Accumulations of these tiny particles are generally associated with the quiet waters of a lake,
lagoon, swamp, or certain marine environments. Common detrital sedimentary rocks, in order of
increasing particle size, are shale, sandstone, and conglomerate or breccia.
In contrast to detrital rocks, which form from the solid products of weathering, chemical
sediments derive from ions that are carried in solution to lakes and seas. This material does not
remain dissolved in the water indefinitely, however. Some of it precipitates to form chemical
sediments. These become rocks such as limestone, chert, and rock salt. This precipitation of
material occurs in two ways. Inorganic processes such as evaporation and chemical activity can
produce chemical sediments. Organic (life) processes of water dwelling organisms also form
chemical sediments, said to be of biochemical origin. One example of a deposit resulting from
inorganic chemical processes is the dripstone that decorates many caves. Another is the salt left
behind as a body of seawater evaporates. In contrast, many water-dwelling animals and plants
extract dissolved mineral matter to form shells and other hard parts. After the organisms die,
their skeletons collect by the millions on the floor of a lake or ocean as biochemical sediment.

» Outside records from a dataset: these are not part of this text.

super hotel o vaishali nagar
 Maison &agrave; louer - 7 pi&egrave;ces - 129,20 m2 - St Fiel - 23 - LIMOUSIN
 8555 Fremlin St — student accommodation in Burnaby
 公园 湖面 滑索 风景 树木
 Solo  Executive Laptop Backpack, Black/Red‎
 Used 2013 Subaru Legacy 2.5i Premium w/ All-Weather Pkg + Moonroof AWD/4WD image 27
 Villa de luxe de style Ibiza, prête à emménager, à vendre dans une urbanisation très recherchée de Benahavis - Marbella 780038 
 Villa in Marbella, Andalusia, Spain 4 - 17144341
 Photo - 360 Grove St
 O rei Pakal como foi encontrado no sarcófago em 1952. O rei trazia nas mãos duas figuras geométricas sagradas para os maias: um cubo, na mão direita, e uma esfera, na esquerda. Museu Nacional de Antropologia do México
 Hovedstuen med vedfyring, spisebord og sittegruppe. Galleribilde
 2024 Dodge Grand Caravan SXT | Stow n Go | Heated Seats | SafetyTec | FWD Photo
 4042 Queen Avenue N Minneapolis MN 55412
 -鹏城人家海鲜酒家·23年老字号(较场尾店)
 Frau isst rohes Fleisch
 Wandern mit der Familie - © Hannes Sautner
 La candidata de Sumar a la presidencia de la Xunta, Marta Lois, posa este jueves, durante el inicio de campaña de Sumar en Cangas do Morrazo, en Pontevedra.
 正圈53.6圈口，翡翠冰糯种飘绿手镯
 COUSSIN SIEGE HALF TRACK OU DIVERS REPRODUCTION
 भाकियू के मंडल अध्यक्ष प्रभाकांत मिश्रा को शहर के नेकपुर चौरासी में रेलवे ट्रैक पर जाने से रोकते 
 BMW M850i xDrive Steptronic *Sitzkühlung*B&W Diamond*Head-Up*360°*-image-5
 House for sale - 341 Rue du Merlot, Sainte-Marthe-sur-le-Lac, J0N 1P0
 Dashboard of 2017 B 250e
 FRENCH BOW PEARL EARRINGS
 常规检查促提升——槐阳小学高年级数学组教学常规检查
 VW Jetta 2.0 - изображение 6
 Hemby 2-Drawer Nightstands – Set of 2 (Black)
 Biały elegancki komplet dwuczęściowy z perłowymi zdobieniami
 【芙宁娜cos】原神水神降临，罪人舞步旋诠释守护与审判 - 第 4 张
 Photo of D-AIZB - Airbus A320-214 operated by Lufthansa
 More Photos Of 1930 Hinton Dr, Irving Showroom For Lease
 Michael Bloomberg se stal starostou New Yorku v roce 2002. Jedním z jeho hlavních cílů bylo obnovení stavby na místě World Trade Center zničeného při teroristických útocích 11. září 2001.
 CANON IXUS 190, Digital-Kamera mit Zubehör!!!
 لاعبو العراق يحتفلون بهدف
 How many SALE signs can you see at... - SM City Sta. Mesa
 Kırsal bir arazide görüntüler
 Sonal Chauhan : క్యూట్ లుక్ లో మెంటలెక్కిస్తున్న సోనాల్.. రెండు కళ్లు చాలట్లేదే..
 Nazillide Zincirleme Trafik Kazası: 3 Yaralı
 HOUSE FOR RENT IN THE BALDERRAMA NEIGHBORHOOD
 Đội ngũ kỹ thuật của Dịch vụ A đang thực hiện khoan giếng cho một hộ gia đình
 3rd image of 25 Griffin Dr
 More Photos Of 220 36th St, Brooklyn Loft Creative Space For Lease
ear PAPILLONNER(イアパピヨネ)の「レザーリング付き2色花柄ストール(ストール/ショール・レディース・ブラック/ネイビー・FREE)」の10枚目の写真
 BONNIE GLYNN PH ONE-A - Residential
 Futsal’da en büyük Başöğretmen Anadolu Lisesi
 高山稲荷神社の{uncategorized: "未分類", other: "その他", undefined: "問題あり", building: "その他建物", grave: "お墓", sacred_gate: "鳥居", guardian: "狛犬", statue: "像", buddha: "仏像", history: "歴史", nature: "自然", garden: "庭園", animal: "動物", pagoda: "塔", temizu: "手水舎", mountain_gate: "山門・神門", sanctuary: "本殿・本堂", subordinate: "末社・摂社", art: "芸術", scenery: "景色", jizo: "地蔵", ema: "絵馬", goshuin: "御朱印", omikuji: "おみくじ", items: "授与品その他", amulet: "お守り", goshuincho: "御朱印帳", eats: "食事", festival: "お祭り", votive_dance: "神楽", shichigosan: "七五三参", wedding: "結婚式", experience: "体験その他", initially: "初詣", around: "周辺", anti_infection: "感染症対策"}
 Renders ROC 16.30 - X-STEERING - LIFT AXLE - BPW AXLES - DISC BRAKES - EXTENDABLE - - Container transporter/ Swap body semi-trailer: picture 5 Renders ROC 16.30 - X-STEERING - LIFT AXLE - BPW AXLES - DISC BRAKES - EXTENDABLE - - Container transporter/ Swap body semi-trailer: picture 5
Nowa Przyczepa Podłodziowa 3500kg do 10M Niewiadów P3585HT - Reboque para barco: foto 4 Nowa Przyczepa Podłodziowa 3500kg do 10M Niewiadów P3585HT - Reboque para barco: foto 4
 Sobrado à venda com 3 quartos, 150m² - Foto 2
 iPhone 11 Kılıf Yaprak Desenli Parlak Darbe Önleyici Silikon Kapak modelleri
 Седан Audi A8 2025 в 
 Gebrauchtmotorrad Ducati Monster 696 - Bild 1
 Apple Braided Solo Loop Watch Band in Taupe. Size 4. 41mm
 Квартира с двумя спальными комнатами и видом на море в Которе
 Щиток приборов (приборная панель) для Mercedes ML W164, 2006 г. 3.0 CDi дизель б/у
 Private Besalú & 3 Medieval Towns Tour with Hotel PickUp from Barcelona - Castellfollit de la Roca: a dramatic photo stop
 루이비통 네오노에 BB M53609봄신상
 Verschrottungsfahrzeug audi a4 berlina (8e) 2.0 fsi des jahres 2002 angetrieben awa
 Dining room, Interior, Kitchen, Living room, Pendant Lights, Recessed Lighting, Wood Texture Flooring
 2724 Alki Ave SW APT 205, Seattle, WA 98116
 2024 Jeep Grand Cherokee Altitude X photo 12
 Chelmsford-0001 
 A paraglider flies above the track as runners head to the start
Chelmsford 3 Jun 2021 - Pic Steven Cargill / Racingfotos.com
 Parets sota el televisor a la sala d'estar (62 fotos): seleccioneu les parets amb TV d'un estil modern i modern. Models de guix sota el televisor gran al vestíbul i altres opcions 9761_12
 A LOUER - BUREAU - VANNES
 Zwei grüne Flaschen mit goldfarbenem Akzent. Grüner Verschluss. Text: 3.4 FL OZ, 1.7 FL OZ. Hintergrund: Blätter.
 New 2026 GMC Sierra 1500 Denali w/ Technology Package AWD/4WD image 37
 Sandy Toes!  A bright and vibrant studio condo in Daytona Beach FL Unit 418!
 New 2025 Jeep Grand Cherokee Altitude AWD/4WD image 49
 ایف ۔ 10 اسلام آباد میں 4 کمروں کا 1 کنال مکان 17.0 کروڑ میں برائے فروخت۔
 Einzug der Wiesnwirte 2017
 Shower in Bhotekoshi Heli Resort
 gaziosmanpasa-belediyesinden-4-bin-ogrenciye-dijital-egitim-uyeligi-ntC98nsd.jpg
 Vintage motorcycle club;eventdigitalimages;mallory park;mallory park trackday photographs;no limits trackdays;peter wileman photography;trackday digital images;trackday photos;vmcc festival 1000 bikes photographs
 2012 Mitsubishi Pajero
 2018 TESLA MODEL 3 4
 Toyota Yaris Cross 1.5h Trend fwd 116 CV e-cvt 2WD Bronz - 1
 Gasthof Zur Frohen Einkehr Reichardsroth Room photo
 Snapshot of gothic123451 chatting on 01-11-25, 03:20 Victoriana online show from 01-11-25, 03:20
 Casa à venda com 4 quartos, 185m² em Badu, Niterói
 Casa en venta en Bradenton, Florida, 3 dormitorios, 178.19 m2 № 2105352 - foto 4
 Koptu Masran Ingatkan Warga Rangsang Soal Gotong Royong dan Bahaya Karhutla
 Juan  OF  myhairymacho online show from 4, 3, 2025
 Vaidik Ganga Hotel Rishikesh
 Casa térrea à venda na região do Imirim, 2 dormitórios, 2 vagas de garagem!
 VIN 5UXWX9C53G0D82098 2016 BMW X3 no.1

Task 2. Build up a vocabulary to the text.
Task 3. Provide brief answers to the following:
1. What minerals are most abundant in detrital sedimentary rocks?
2. What is the primary basis for distinguishing among detrital rocks?
Task 4. Look at Figure 2.2, 2.3 A and B. Figure 2.2 shows particle size classification
for detrital sedimentary rocks. Particle size is the primary basis for distinguishing among
various detrital sedimentary rocks. Figure 2.3 A and B identifies sedimentary rocks.
According to the table, sedimentary rocks are divided into three groups—detrital,
chemical, and organic. The main criterion for naming detrital sedimentary rocks is particle
size, whereas the primary basis for distinguishing among chemical sedimentary rocks is
their mineral composition. Using the information from the tables and from the text try to
give as many details as possible about detrital sedimentary rocks.
TEST YOURSELF
Task 1. Tell whether the sentences are true or false. Correct the false ones.
1. Sedimentary rocks contain much of the basic information needed to reconstruct Earth
history.
2. Sedimentary rocks are not associated with many important energy and mineral resources.
3. Sedimentary rock consists of sediment that has been lithified into solid rock.
4. Sediment has three principal sources: (1) as detrital material, which originates and is
transported as solid particles from both mechanical and chemical weathering, which, when
lithified, forms detrital sedimentary rocks; (2) from soluble material produced largely by
chemical weathering, which, when precipitated, forms chemical sedimentary rocks, (3)